Continuo a pensare - e nelle dichiarazioni post-partita credo lo pensi anche l’allenatore - che non sia solo e tanto un problema di linea difensiva, ma di protezione della medesima. Calabria, Thiaw, Tomori e Theo accusano più errori individuali perché si sentono poco protetti, perché vanno in confusione (forse addirittura panico tattico) quando si vedono aggrediti in inferiorità numerica.
Il lavoro che svolgeva Kessie nelle ultime stagioni milaniste, non lo fa nessuno, nemmeno Bennacer e solo saltuariamente Tonali. Kessie era una toppa costante ai buchi nella metà campo arretrata: quella figura manca.
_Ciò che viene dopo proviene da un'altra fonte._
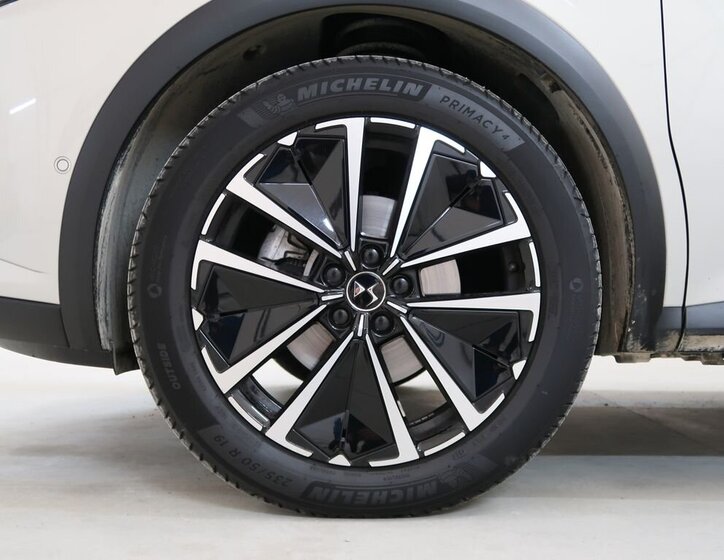 DS Automobiles DS7 Crossback 12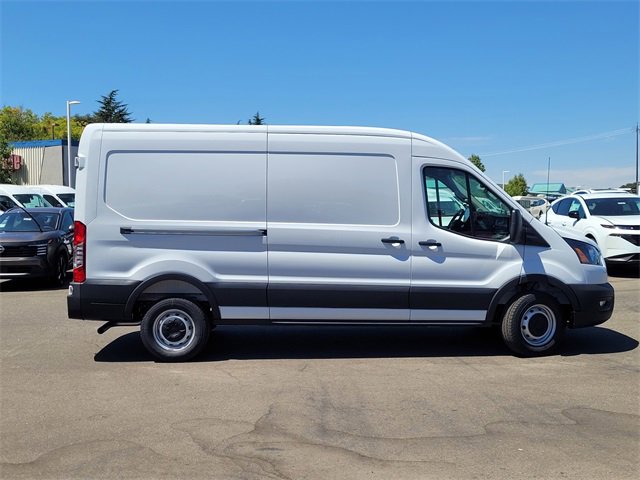 New 2026 Ford Transit 250 148 Medium Roof w/ Load Area Protection Package image 4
Pioli ha indicato Reijnders come possibile soluzione futura (in prospettiva persino Adli), non penso che ad oggi Musah abbia questi connotati. Krunic, come ci siamo detti e nonostante la buonissima prestazione di Bologna, è solo adattato all’incarico. Pioli ha anche detto una cosa che penso e che avevo appena esternato - in termini diversi - nel dopopartita su MilanTv: la squadra deve sacrificarsi di più. Loftus al Dall’Ara sembrava cercare (senza palla) posizione e mansioni; Reijnders - eccellente - è rimasto tra la mediana e l’attacco, rinculando in quell’eccezionale chiusura che ha consentito a Maignan di sventare l’occasione con la spalla; Pulisic si è scambiato con Calabria solo in orizzontale o in prima linea; Leao ha rincorso qualche volta, ma è maldestro e a momenti regala un rigore al Bologna. Quello che ha capito tutto subito è stato… Giroud, il quale dopo mezz’ora ha iniziato a giocare come un Gattuso centravanti. Tempo, lucidità e pazienza sistemeranno gli equilibri.
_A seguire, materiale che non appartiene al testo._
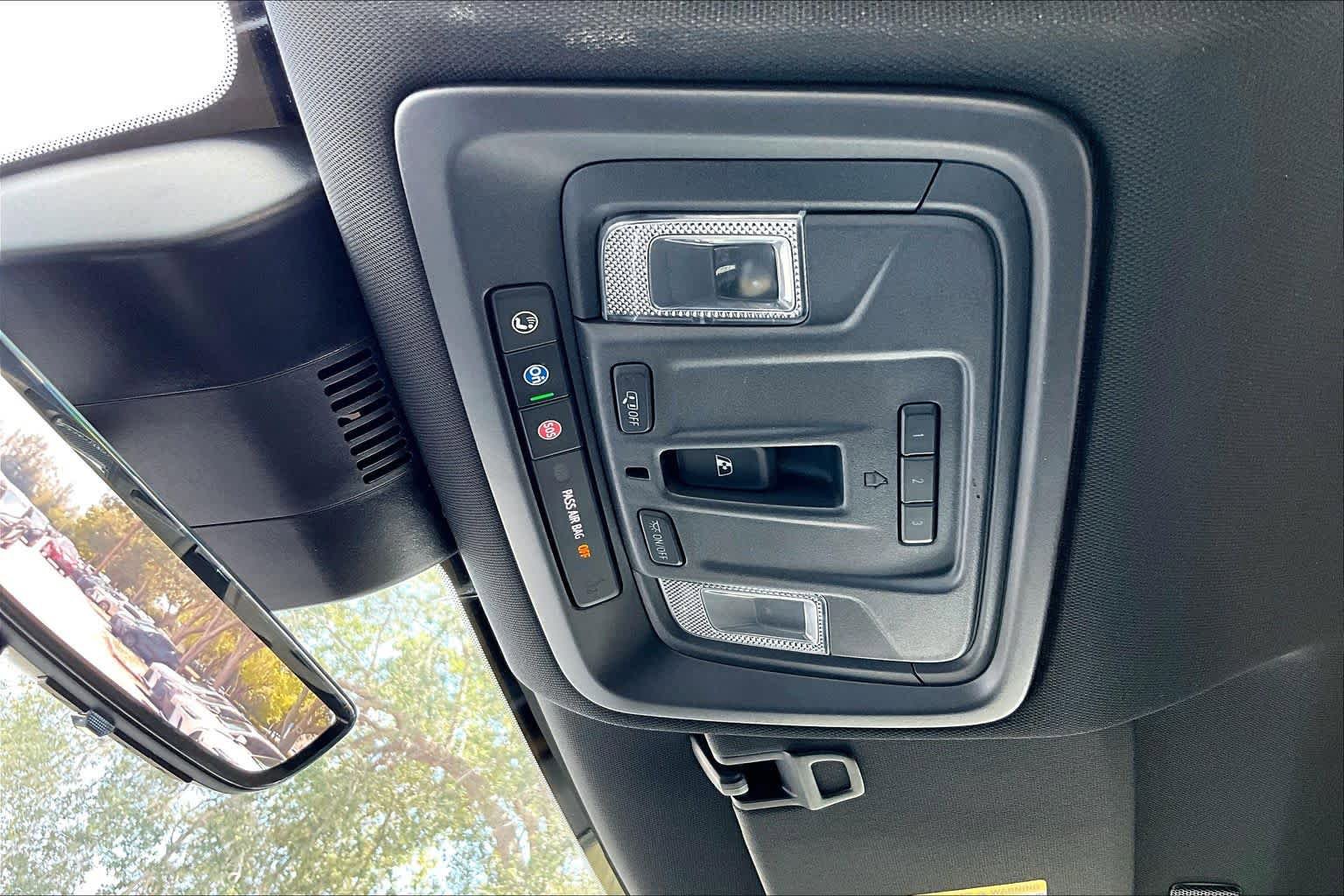 Used 2024 Chevrolet Silverado 1500 High Country w/ Technology Package AWD/4WD image 32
Sul mercato la grande difficoltà di piazzare Ballo Tourè e Origi, blocca le alternative in entrata per Theo e Oli. Sono però priorità irrinunciabili e la società prepara due sorprese, secondo quanto attribuito a Moncada. Mi fido e ci credo, perché (sorpresa o non sorpresa) quelle due pedine servono.
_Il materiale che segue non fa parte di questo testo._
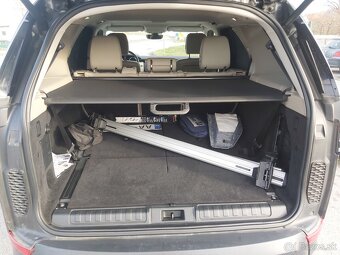 Land Rover Discovery 2.0D SD4 HSE Luxury AWD A/T - 9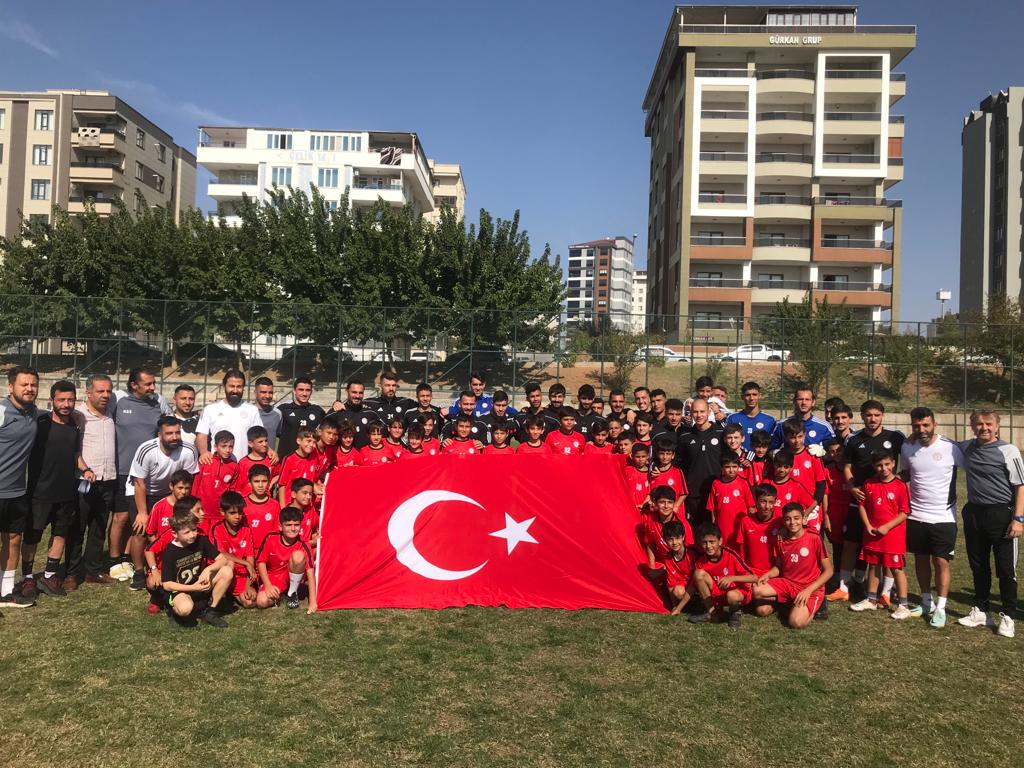 Karaköprü Belediyespor'dan miniklere Cumhuriyet sürprizi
Ieri ho scritto che Mancini ha fatto diventare grande il mediocre Gravina. Liberi di fare le opulente scelte che si preferiscono, da professionisti. Però c’è modo e modo e l’ex CT azzurro, andando ora a farlo negli Emirati, doveva essere più sincero: “Ho ricevuto un’offerta irrinunciabile, grazie di tutto e arrivederci”. Ha scelto il piagnisteo, negando che fosse decisiva la montagna dei sultani da 90 milioni di euro. Triste, avvilente teatrino sulle spalle degli appassionati. Caro Luciano Spalletti, restituiscici una squadra, un amore e quella dignità che si è persa tra Coverciano e Dubai.